▸ **What is expected**: From the line containing "Maxus e-Deliver 9 88 L3H3 Kassevogn" to the end of the entries, return every line exactly, both ends included, and add nothing.

Stored records:
+++

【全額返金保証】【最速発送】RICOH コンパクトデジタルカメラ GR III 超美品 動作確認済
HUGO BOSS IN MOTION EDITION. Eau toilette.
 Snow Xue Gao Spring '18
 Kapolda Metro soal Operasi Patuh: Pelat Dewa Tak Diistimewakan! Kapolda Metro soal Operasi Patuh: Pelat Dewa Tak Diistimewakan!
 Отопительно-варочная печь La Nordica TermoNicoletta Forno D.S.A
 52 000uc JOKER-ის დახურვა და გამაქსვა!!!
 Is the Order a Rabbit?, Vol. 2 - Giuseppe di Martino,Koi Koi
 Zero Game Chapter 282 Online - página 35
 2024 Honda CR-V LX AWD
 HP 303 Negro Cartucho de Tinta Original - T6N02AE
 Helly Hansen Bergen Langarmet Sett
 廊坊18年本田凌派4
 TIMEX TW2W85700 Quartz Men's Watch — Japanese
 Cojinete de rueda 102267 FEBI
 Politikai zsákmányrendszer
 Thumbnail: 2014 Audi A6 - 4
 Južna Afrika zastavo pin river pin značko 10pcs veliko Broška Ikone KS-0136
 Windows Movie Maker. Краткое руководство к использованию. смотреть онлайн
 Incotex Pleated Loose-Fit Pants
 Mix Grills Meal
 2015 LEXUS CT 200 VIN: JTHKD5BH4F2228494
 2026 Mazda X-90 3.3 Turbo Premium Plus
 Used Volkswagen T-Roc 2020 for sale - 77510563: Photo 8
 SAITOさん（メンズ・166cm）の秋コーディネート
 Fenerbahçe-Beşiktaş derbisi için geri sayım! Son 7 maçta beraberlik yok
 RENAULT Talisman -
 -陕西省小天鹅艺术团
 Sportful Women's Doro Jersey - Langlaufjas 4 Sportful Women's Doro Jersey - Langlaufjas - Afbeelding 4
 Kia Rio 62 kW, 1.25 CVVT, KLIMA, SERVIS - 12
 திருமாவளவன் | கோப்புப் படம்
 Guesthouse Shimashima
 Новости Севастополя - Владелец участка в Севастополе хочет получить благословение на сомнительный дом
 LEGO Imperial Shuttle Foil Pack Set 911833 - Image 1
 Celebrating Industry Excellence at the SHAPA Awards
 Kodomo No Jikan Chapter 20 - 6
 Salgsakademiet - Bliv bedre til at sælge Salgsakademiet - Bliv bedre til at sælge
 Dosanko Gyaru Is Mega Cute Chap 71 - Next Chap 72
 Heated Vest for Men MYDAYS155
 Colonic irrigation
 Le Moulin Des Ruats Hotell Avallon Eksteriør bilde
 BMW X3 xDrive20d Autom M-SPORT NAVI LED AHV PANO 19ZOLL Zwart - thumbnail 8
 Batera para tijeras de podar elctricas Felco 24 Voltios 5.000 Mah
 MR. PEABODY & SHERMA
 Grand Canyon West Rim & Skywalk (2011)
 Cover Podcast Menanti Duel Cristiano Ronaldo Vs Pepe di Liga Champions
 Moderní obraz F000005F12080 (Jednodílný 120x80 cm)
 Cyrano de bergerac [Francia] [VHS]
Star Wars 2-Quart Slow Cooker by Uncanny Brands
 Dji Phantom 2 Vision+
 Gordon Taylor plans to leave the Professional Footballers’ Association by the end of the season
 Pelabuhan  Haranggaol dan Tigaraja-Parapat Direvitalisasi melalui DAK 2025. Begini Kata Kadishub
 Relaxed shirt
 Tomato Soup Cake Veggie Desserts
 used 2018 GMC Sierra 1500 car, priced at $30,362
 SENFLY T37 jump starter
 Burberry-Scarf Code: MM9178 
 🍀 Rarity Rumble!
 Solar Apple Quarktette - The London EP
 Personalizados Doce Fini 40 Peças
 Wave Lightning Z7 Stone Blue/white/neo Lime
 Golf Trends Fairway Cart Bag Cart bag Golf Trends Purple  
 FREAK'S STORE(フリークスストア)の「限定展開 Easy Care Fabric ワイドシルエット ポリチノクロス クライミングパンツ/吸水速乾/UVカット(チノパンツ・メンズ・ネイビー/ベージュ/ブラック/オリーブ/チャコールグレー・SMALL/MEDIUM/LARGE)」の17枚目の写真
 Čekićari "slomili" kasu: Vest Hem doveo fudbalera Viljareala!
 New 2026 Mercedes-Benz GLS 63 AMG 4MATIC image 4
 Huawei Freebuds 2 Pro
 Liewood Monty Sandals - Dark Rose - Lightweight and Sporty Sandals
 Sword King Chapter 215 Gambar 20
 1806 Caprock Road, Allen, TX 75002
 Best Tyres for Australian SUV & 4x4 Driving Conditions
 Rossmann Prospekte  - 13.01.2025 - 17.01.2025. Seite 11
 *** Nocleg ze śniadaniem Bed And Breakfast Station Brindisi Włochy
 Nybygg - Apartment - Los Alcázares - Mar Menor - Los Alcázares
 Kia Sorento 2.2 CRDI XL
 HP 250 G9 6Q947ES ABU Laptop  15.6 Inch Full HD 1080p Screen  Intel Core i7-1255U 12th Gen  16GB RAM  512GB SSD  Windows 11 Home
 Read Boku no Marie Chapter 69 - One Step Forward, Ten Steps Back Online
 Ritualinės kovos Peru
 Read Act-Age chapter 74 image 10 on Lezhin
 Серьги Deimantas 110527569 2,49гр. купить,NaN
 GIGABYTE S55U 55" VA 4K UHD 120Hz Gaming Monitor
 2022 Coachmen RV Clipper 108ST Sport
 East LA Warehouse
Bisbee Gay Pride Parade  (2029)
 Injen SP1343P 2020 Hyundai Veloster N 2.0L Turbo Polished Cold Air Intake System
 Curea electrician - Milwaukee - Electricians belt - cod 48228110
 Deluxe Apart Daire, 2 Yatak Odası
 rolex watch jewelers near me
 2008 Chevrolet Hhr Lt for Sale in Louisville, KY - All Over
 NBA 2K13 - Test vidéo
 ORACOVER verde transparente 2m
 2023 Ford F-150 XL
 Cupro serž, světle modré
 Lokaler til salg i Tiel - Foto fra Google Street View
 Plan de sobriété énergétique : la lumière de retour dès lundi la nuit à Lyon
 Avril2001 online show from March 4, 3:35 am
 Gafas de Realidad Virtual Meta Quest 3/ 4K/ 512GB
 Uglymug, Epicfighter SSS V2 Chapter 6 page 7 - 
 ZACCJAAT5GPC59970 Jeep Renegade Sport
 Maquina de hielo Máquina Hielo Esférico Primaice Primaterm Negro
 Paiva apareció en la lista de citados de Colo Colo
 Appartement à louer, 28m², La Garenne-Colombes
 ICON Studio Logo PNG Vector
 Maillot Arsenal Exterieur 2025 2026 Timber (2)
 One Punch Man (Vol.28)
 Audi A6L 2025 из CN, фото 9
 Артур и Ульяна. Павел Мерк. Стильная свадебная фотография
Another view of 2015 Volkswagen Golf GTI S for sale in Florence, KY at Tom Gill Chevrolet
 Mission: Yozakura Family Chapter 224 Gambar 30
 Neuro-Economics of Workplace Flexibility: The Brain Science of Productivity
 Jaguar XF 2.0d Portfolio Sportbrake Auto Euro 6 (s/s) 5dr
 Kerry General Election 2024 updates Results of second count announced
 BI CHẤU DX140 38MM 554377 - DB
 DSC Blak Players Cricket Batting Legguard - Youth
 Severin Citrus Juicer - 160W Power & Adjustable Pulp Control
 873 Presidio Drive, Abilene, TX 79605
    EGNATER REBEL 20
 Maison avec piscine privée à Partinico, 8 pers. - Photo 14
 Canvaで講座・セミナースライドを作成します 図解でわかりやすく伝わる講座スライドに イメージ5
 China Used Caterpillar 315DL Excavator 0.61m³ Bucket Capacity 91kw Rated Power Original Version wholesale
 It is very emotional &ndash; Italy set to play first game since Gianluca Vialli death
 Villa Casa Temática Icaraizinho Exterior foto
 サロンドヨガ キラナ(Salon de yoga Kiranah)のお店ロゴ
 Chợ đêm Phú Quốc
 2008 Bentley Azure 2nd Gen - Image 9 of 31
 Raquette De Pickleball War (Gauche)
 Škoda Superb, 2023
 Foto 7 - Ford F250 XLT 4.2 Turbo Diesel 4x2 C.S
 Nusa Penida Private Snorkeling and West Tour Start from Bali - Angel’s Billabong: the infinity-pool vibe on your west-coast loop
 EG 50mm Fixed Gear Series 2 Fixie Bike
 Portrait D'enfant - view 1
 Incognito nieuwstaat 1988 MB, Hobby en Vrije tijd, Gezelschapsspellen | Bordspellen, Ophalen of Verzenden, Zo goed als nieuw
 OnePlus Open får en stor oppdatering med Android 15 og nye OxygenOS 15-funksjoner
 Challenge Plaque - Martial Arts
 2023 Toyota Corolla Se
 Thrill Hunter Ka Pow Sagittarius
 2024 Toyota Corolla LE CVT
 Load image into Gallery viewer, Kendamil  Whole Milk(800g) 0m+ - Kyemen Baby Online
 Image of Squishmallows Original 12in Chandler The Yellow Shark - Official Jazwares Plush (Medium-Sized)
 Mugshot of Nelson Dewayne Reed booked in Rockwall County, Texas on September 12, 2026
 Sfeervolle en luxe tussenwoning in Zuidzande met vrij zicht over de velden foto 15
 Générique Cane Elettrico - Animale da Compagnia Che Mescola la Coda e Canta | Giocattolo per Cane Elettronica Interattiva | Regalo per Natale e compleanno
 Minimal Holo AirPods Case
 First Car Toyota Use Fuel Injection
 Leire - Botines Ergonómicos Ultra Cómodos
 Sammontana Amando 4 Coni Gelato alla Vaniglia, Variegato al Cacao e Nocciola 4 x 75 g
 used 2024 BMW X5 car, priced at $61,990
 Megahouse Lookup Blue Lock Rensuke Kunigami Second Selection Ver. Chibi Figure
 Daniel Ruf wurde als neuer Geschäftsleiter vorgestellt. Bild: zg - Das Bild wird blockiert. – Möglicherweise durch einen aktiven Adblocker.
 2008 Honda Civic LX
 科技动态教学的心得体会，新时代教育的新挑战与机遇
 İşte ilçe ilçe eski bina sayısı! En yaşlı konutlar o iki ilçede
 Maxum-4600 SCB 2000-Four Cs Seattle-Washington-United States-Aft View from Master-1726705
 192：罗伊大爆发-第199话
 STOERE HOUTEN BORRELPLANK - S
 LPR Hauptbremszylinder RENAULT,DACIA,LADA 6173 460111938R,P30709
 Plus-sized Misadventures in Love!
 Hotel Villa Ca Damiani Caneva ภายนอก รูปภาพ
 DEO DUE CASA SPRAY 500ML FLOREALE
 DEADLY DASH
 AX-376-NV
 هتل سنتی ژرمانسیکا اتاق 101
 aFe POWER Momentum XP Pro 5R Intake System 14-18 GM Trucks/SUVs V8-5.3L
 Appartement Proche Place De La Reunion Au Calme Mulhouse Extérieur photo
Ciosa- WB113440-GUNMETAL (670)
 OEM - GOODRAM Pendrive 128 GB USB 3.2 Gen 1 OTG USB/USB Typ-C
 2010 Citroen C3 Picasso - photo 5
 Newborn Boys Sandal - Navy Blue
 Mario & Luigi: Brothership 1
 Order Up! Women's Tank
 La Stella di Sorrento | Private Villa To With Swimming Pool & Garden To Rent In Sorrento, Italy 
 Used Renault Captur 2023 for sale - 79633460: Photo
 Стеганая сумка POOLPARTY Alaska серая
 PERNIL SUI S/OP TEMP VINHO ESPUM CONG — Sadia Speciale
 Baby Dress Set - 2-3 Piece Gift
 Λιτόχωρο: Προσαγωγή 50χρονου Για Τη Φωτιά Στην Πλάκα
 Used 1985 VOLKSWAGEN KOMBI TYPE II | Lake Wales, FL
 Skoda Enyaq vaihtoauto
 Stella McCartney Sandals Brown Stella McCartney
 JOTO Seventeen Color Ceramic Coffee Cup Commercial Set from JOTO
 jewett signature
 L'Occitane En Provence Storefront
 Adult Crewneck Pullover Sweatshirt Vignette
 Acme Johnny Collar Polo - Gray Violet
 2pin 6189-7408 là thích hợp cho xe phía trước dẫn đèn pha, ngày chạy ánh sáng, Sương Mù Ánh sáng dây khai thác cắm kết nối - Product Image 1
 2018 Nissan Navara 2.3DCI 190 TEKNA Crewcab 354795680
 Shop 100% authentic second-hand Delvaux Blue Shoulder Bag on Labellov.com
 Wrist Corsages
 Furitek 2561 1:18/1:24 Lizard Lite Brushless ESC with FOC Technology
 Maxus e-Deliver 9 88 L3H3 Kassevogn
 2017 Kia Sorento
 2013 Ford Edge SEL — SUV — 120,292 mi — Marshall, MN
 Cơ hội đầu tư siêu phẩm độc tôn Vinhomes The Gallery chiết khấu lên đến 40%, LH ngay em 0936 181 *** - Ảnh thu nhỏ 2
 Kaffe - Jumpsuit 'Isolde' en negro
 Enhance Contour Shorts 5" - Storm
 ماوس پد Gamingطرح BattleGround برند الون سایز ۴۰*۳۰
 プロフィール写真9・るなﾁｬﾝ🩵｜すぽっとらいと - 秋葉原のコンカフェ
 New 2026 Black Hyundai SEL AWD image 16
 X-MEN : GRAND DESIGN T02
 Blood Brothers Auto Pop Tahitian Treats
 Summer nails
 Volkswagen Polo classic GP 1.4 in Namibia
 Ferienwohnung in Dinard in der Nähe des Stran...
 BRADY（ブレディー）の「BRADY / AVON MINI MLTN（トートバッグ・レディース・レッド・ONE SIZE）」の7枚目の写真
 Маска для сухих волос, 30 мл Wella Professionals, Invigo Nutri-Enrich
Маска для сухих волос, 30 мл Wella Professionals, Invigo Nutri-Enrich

+++

▸ **Your solution**:
 Maxus e-Deliver 9 88 L3H3 Kassevogn
 2017 Kia Sorento
 2013 Ford Edge SEL — SUV — 120,292 mi — Marshall, MN
 Cơ hội đầu tư siêu phẩm độc tôn Vinhomes The Gallery chiết khấu lên đến 40%, LH ngay em 0936 181 *** - Ảnh thu nhỏ 2
 Kaffe - Jumpsuit 'Isolde' en negro
 Enhance Contour Shorts 5" - Storm
 ماوس پد Gamingطرح BattleGround برند الون سایز ۴۰*۳۰
 プロフィール写真9・るなﾁｬﾝ🩵｜すぽっとらいと - 秋葉原のコンカフェ
 New 2026 Black Hyundai SEL AWD image 16
 X-MEN : GRAND DESIGN T02
 Blood Brothers Auto Pop Tahitian Treats
 Summer nails
 Volkswagen Polo classic GP 1.4 in Namibia
 Ferienwohnung in Dinard in der Nähe des Stran...
 BRADY（ブレディー）の「BRADY / AVON MINI MLTN（トートバッグ・レディース・レッド・ONE SIZE）」の7枚目の写真
 Маска для сухих волос, 30 мл Wella Professionals, Invigo Nutri-Enrich
Маска для сухих волос, 30 мл Wella Professionals, Invigo Nutri-Enrich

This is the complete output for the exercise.